BEGIN DATA

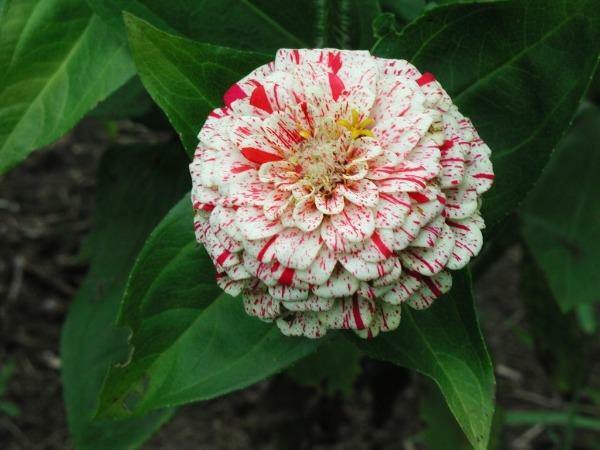 Zinnia elegans Peppermint Stick | 200 Seeds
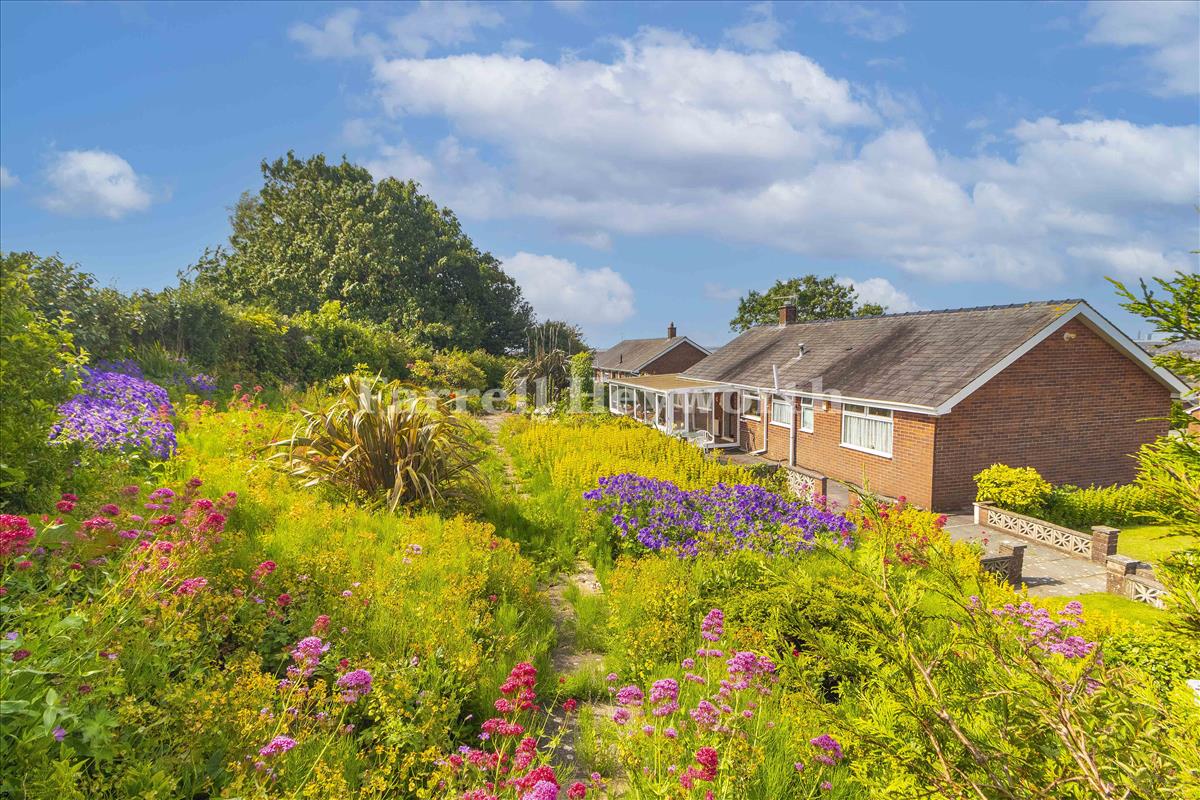 Rear Garden 3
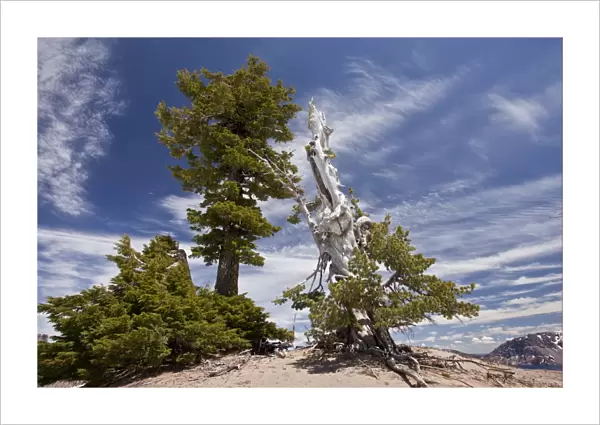 Whitebark Pine (Pinus albicaulis) and Mountain Hemlock (Tsuga mertensiana) ancient habit, growing at 7000ft
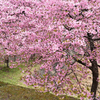 河津桜満開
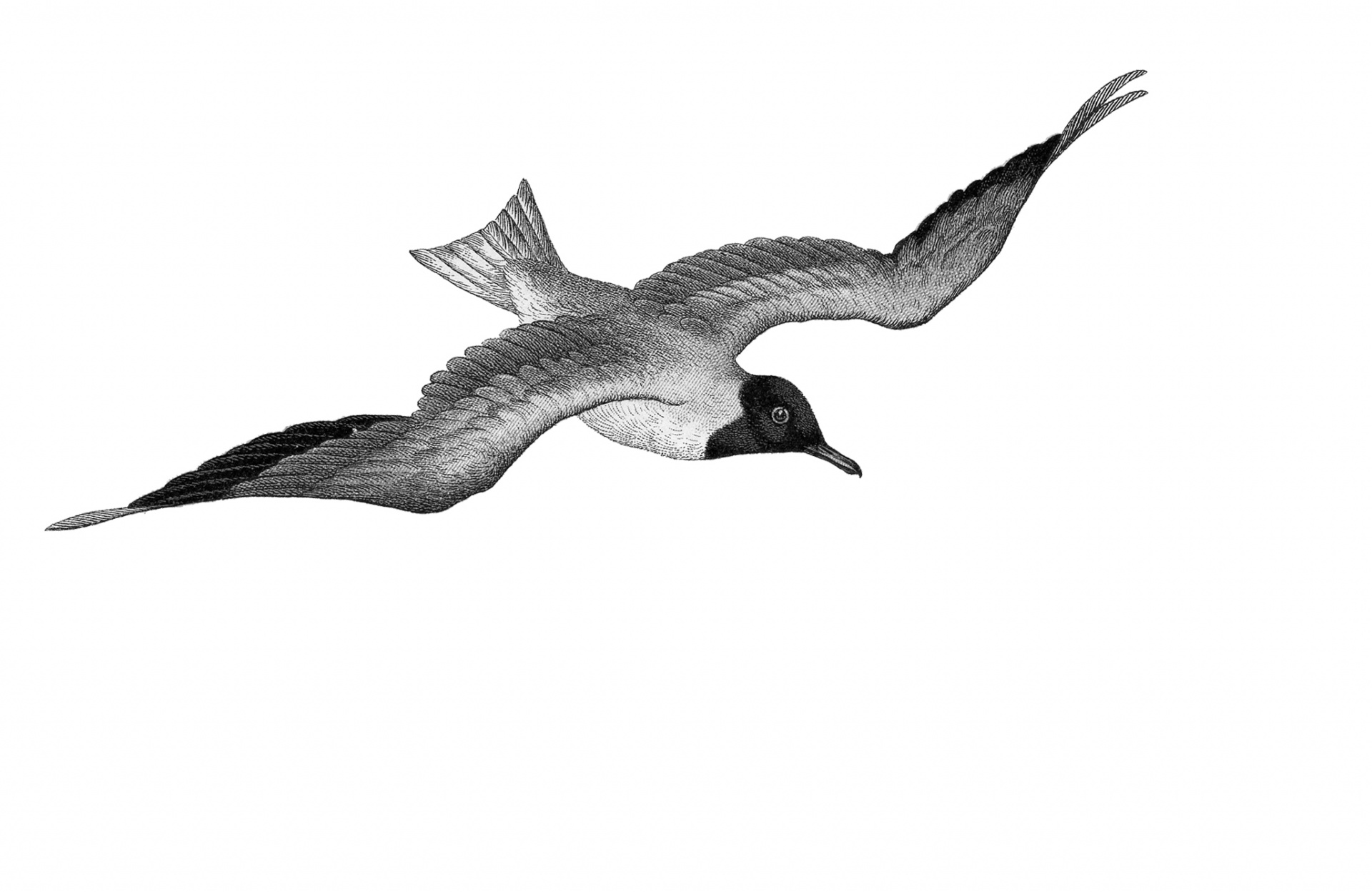 Seagull Drawing Pic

END DATA

== THE TASK ==
From the first line to the last, repeat the entries exactly and leave out the pictures.

== SOLUTION FOR THIS EXERCISE ==
 Zinnia elegans Peppermint Stick | 200 Seeds
 Rear Garden 3
 Whitebark Pine (Pinus albicaulis) and Mountain Hemlock (Tsuga mertensiana) ancient habit, growing at 7000ft
 河津桜満開
 Seagull Drawing Pic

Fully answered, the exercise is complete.